I recently received a USA trains EMD F-3 [that I'm deliriously happy with] and my hopes are to model the "Tennessean" passenger train that ran up the coast from TN to NY I believe on the Southern line since I'm interested in modelling trains that ran into my new home of Johnson City which has a rich railroad heritage. From my research so far it's kind of an interesting passenger line in that it was pulled by Southern engines at each end and was passed off to Norfolk Western in between in Virginia and then picked back up by Southern engines at the other end.It appears according to the archives I've looked at that it ran a mix of streamliners and heavyweights that, in some cases may have been repainted silver to match the streamliners. Either way I'd love to hear everyone's opinion on who has the best passenger cars and who has the best prices of said cars.

Thanks!


----------



## chuck n (Jan 2, 2008)

The only heavyweights made are by AristoCraft. In my opinion, the best streamliners are those made by USAT. I have an Aristo streamliner, but it had to be lowered to look acceptable. On the Aristo streamliners there is less external detail and no interior detail. They are supposed to be coming out with new lower cars, but I haven't seen them. Judging by your problems with the USAT F3s, I hesitate recommending their streamliners, even though I am very happy with mine. They have a lot of detail, have people in the cars, and run very smoothly. Whether you can mix and match them is up to you and how critical you are.

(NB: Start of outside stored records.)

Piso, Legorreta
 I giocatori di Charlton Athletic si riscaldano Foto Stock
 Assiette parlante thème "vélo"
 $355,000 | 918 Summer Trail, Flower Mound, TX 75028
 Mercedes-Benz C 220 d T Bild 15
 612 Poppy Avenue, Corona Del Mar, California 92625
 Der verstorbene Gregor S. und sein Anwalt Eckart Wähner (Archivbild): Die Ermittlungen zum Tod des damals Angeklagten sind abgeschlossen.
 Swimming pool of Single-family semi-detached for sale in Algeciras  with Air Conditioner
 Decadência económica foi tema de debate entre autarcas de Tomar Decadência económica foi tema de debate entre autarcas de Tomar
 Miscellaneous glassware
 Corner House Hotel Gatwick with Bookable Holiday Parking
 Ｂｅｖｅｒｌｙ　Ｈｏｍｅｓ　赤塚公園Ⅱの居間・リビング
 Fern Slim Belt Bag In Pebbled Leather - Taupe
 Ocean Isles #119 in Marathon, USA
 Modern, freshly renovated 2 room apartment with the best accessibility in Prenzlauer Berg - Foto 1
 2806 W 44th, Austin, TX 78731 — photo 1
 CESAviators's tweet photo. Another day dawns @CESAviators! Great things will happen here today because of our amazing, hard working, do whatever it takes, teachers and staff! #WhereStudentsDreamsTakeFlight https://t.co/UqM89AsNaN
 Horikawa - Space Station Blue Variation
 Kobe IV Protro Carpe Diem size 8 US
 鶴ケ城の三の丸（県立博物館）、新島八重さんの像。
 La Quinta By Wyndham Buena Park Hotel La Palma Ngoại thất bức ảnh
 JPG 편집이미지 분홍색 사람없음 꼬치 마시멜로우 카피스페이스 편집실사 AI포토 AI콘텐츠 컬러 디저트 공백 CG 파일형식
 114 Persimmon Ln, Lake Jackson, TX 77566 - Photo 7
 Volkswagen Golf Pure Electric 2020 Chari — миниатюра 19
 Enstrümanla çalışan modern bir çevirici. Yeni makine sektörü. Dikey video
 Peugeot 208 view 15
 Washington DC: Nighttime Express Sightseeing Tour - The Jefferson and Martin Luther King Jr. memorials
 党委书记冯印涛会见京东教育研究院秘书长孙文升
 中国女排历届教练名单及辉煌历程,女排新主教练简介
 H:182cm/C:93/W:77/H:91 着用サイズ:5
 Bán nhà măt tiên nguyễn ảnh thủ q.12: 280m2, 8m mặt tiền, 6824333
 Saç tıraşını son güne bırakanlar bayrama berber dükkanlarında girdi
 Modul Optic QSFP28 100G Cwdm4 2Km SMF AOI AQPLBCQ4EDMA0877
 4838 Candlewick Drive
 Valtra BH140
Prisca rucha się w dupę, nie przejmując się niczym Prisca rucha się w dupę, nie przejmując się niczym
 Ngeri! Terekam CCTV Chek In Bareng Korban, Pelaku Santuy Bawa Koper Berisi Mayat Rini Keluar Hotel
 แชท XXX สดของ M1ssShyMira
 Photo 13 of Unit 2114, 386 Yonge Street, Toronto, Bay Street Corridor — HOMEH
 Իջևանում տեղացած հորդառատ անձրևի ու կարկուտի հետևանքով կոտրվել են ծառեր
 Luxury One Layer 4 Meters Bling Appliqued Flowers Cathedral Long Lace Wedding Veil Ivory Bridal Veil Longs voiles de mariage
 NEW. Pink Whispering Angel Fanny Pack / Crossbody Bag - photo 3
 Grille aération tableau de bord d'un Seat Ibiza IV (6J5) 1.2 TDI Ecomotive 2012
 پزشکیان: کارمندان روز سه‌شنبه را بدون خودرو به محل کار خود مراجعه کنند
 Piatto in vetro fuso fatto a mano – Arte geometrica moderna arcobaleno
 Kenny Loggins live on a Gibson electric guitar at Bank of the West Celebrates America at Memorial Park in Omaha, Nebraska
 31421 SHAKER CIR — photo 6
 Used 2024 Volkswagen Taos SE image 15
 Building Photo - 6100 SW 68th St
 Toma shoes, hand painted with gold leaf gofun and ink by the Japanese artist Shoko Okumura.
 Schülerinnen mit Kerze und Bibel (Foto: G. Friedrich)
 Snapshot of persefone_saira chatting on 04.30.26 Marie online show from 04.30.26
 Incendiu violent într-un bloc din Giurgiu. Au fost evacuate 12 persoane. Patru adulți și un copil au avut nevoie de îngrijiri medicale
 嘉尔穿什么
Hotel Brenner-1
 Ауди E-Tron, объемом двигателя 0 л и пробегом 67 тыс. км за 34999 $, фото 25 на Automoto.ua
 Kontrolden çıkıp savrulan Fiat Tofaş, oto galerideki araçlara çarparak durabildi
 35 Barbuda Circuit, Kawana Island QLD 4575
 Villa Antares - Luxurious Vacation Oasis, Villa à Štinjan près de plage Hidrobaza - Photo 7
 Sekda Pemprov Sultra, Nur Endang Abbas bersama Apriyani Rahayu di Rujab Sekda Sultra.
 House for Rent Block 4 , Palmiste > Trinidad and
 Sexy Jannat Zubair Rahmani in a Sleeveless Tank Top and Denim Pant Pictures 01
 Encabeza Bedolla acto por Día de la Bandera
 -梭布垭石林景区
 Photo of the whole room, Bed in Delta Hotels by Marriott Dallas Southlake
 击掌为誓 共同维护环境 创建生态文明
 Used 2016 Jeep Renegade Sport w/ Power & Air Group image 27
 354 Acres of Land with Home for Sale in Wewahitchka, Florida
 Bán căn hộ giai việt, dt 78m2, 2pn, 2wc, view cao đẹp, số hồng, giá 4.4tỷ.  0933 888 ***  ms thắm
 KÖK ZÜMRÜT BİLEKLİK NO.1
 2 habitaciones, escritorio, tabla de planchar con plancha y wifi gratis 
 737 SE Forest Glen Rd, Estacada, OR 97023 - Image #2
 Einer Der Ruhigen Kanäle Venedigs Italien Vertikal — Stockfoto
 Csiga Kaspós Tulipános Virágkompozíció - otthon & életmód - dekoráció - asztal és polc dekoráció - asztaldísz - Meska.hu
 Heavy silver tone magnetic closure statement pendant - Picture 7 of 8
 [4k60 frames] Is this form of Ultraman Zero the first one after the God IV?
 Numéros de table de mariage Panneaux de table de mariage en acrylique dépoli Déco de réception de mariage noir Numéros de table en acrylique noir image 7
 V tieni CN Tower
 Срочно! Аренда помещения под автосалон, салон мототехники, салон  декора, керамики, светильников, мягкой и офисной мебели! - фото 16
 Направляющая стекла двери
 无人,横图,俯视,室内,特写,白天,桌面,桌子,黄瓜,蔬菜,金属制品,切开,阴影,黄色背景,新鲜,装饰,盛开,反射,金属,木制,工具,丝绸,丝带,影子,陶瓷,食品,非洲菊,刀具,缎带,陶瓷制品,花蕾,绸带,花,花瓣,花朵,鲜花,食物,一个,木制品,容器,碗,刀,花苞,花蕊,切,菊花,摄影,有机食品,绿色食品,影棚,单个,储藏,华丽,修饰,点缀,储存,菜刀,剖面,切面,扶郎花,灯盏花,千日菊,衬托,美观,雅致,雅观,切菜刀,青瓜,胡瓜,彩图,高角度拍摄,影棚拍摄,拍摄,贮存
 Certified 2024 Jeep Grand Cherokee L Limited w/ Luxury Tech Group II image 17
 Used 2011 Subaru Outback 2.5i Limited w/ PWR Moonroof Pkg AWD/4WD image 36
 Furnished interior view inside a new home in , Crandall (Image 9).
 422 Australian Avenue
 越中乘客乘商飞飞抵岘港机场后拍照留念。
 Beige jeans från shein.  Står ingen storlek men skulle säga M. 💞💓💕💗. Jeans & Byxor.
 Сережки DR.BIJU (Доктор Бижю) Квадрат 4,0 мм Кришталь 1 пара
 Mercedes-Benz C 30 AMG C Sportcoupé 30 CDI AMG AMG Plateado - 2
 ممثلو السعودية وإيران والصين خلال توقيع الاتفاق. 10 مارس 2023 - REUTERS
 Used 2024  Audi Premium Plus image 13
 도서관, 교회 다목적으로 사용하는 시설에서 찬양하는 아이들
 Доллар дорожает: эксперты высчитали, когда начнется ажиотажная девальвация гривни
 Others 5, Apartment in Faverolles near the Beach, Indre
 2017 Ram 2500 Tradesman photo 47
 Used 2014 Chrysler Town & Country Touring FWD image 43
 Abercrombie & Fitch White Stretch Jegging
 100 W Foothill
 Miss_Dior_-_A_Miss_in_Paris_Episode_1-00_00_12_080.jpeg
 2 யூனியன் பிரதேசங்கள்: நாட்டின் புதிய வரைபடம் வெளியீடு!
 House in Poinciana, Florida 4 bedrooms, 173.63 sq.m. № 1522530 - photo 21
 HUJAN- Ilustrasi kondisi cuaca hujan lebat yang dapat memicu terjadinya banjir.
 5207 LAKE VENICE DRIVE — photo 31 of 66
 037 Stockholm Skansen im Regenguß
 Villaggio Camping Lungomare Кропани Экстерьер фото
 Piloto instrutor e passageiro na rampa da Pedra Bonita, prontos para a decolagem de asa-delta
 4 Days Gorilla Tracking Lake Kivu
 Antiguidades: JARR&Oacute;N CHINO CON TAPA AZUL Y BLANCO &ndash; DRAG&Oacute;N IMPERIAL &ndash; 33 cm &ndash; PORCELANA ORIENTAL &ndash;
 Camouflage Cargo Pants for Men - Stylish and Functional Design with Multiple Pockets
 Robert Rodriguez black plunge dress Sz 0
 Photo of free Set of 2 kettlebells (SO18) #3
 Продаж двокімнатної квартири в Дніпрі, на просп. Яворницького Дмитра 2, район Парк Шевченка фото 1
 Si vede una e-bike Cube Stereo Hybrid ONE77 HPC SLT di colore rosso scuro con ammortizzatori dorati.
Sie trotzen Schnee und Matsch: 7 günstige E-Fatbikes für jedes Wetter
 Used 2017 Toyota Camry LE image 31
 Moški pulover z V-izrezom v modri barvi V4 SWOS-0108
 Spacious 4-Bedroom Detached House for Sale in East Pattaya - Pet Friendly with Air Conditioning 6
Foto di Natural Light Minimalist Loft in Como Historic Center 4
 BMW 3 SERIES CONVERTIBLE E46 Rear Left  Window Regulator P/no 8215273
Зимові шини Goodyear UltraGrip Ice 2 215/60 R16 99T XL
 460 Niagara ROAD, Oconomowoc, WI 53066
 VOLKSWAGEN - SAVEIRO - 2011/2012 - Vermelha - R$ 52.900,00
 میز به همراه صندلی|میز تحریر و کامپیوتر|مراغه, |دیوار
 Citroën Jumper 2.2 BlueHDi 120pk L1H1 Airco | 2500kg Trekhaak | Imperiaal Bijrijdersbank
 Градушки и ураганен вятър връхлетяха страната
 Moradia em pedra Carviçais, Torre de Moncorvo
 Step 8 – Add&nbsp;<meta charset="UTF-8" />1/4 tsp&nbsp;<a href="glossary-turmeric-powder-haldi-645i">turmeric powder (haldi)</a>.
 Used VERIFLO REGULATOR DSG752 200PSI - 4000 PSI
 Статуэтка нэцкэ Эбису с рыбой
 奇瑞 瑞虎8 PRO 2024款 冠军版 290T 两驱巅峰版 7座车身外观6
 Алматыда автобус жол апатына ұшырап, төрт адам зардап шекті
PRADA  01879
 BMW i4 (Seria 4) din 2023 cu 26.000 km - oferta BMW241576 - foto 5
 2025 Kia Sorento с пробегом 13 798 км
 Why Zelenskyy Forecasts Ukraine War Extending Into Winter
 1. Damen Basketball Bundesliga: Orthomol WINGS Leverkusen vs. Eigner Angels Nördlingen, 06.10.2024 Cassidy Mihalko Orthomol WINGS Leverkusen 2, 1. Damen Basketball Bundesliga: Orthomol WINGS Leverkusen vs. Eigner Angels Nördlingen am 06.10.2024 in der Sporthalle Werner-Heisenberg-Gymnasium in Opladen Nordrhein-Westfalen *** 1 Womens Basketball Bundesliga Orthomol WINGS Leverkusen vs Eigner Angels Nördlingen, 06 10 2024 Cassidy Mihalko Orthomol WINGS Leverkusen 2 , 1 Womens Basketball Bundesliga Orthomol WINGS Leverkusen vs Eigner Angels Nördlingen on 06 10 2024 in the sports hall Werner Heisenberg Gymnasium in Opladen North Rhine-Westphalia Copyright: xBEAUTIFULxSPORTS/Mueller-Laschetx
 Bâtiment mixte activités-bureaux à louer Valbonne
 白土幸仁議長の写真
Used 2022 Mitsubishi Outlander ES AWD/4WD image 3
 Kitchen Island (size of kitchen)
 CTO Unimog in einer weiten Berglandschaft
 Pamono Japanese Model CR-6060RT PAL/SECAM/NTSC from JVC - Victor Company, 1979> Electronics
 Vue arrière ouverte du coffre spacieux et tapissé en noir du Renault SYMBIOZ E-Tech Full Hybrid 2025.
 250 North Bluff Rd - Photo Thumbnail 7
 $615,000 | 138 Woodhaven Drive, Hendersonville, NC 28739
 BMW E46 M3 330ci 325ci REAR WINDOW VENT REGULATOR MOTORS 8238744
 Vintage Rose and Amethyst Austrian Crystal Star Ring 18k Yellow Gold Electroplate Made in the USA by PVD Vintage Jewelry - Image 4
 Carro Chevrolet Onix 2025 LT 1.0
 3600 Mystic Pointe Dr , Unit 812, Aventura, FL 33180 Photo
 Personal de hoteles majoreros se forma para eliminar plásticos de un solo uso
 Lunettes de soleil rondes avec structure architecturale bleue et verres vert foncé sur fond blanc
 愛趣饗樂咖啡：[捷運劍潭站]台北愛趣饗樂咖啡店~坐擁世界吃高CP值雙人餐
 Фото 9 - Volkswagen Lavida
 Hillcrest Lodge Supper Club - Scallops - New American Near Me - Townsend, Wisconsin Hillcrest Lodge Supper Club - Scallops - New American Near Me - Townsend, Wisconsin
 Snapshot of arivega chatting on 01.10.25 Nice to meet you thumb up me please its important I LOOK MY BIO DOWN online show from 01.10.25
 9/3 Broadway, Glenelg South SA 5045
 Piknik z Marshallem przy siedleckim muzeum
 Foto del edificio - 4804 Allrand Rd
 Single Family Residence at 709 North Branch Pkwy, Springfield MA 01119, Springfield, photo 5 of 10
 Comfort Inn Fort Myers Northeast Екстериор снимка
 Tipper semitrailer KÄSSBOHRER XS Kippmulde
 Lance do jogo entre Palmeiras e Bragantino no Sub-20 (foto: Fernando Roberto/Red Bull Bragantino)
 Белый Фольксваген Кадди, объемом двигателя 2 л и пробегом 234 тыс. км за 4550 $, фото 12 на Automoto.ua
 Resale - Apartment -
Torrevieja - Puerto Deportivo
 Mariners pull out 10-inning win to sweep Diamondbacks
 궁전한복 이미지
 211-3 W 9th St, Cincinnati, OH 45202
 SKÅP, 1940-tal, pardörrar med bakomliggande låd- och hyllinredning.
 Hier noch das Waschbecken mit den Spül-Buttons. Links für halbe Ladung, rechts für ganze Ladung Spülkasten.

A while back someone questioned the two cars and whether or not they could be put in the same train. Here are some pictures that I used in that thread. 

Mixed train with USAT, Aristo heavyweights and Aristo smoothside (last car in train). 











Aristo heavyweight left, Aristo smooth side streamliner (lowered) right





















USAT left, Aristo right




















Chuck


----------



## SRW (Jan 13, 2010)

Thanks Chuck! 

Good information and great photos! Especially the detail of how you have matched them up. 

Please overlook my former comments on USA trains, I apparently got a repack or models made at 5 o'clock on on a Friday. 

Do you know who may have any good deals on passenger cars these days? 

Scott


----------



## chuck n (Jan 2, 2008)

It has been a number of years since I bought these cars. Therefore, I don't have any current suggestions other than the usual venders. Get a recent copy of Garden Railways and go through the ads. 

I body mounted Kadee #830s on the heavy weights. This required me to put 830s on some of the USAT cars to match up. The USAT couplers are at the lower truck mounted level, even though they are body mounted. I have several of the USAT cars that have their standard coupler on one end and an 830 on the other. I had to do this also because of the coupler height on the F3s and to match up with the heavyweights. 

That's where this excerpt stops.